# some 5D3 vs D800



## LetTheRightLensIn (Apr 5, 2012)

The F%^&ing Nikon D800 vs. Canon 5D mkIII Shootout

The 5D3 video handily beats the D800 at ISO6400 and wins by a laughable margin at ISO12,800 and up. The D800 looks good to ISO1600 and close to ISO3200 but starts losing noticeably in darker areas by ISO6400 and just turns to junk beyond junk above there, the 5D3 holds together better above ISO3200 to an almost unimaginable degree. (then again you may ask do most people shoot at higher than ISO3200? at times yeah, but it's never really ideal and I'd prefer awesome, perfect ISO100-1600 than 6400+). If you did super low light stuff the 5D3 is clearly the way to go by a million miles.

But man what the heck did Canon do to the 5D3 resolution? The D800 isn't even all that sharp but the 5D3 is just mush (at first when you look a the women on the ground you think the weird checkboard of different colors is just D800 moire but her jacket later gets revealed to have that and the 5D3 doesn't even pick it up at all, it looks 100% white and red? where the heck did the other color checkers go? mushed 100% away!).

What was the whole 22MP for 3x3 about if they get such mush? Where is the mush coming from? It has simply super weak micro-contrast until you get to scales far, far, far below 1920x1080. Luckily it is free enough of moire/aliasing that it takes sharpening well, but most video programs have very old sharpening that is prone to haloes so it's hard to bring back the micro-contrast ideally (and even then the actual res is still a bit low).

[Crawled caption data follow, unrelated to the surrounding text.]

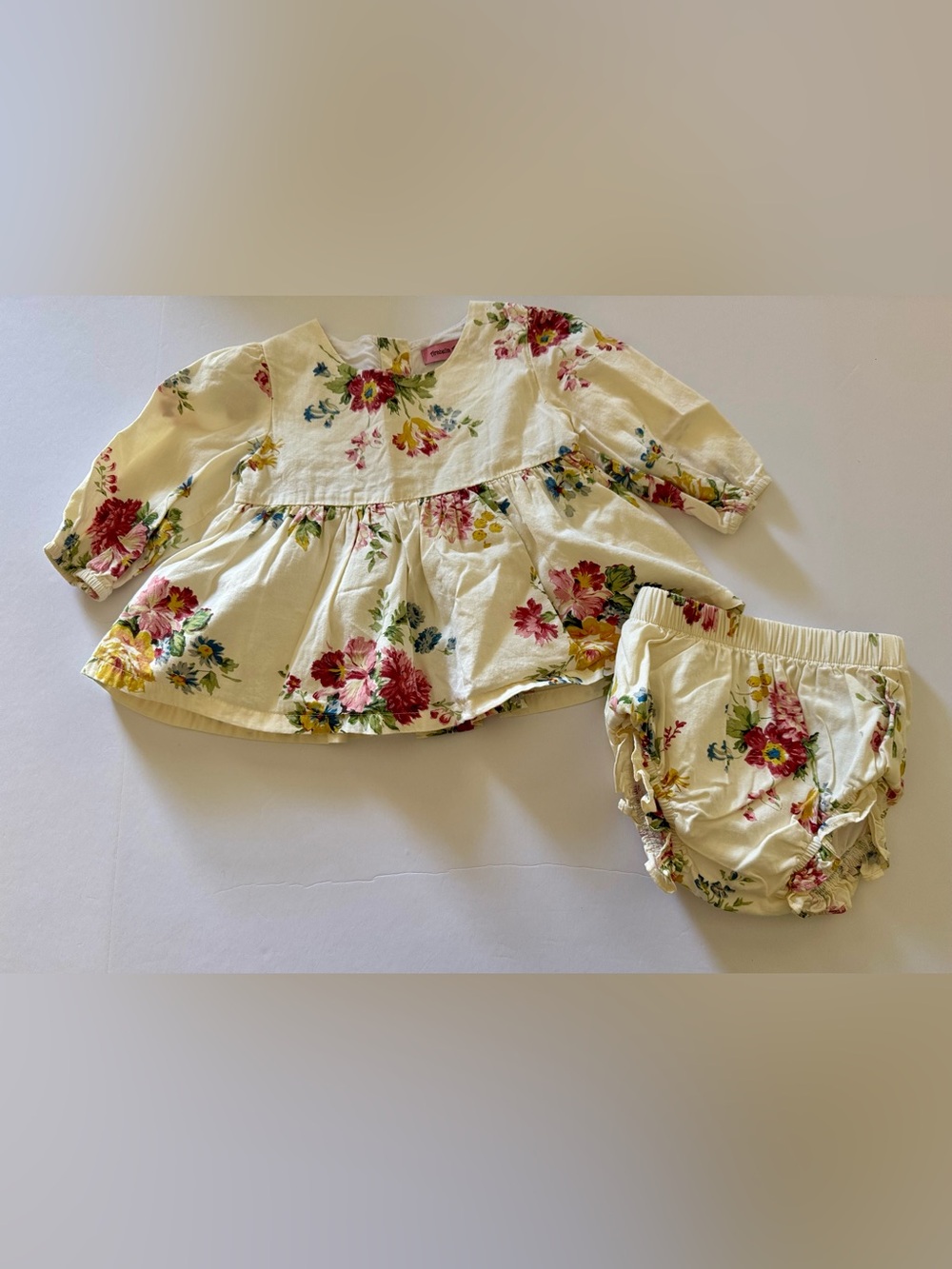 Girl 12 month Arabella and rose floral cream two piece set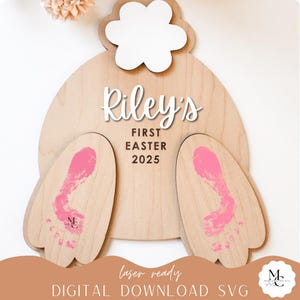 Téléchargement numérique | Fichier SVG minimaliste de signe d'empreinte de pas de Pâques | Un lapin vous aime Fichier | Fichier d'artisanat de Pâques | Fichier laser | Fichier Glowforge
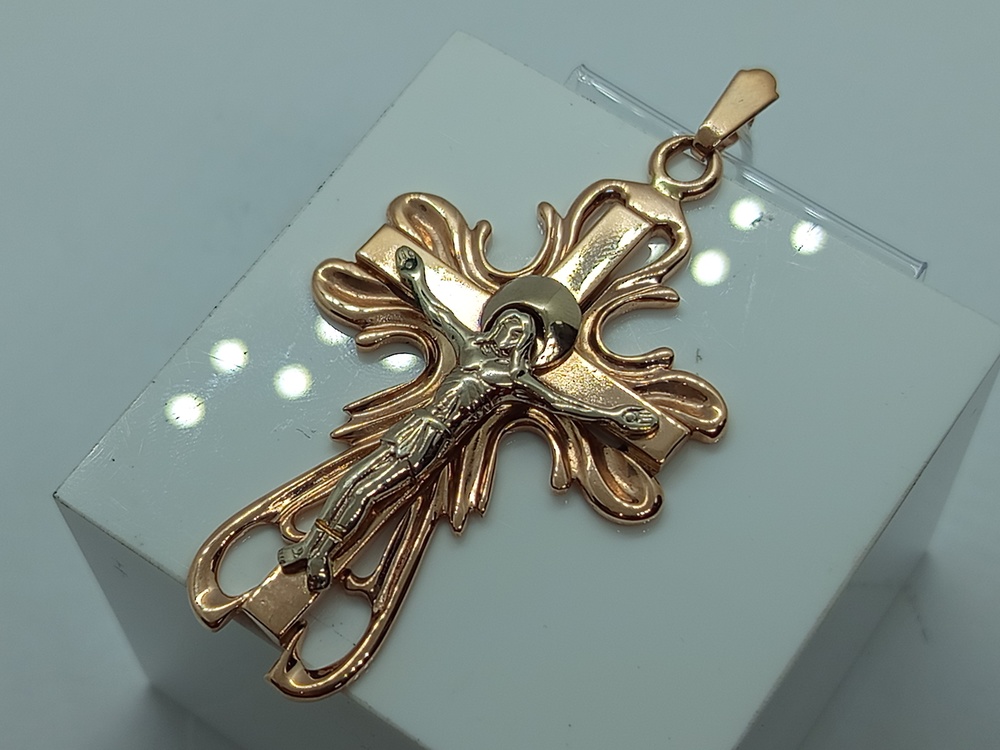 ПОДКБК585 ПОДВЕСКА КРЕСТ БЕЗ КАМНЯ (Au 585)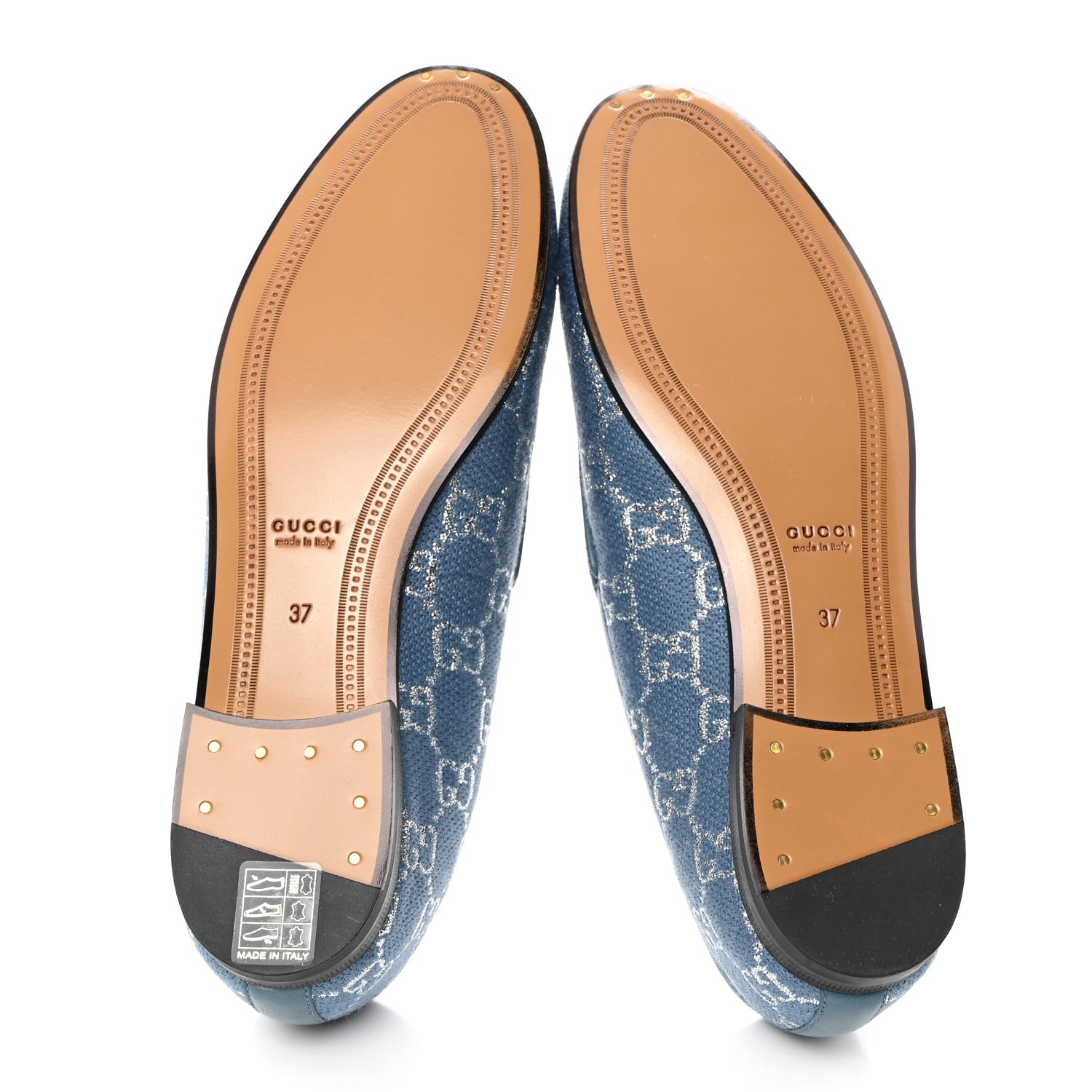 Gucci Canvas Lame GG Monogram Horsebit Womens Jordaan Loafers 37 Blue Silver Cornflower Blue 5 of 9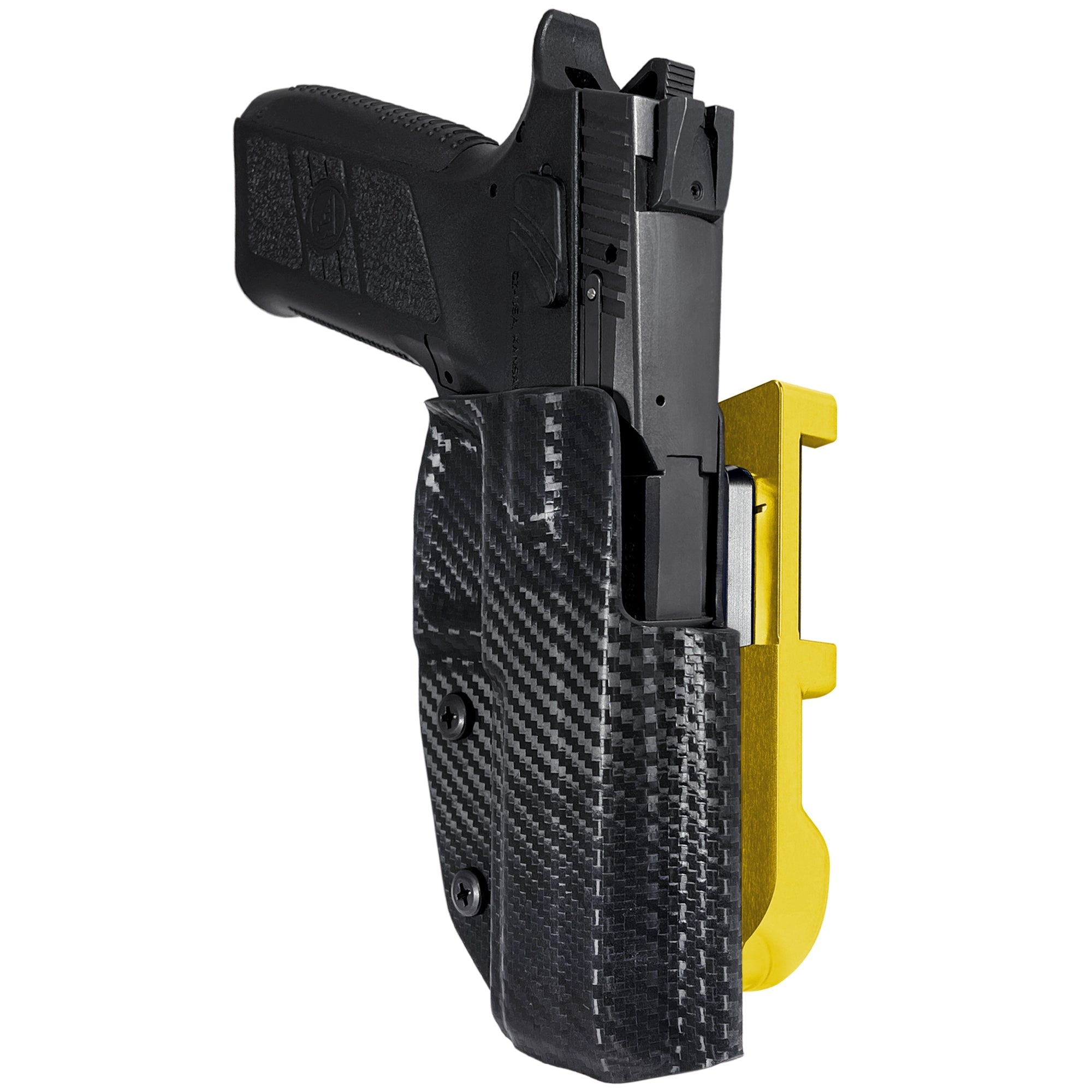 CZ P-09 IDPA Quick Mount Holster with 24K Gold Belt Attachment, Carbon Fiber Holster Shell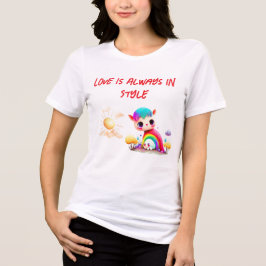Camiseta O amor está sempre em estilo! Design de Dia do nam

Did they gimp it that much to save the C300?? I don't know what's going on. The micro-contrast and res are total let downs.

And where is the cropped video mode? Why no 2x2 sampled mode at 1.6x crop????

Granted the sharpened 5D3 isn't too far behind D800 detail (not that that says much) and with much less moire I think it's better than the D800 for video.


----------



## psolberg (Apr 8, 2012)

I'd like to see the deail out of the HDMI out using prores


----------



## RLPhoto (Apr 10, 2012)

5D Mark 3 Reactions to Announcement

Check this video out. very informative.


----------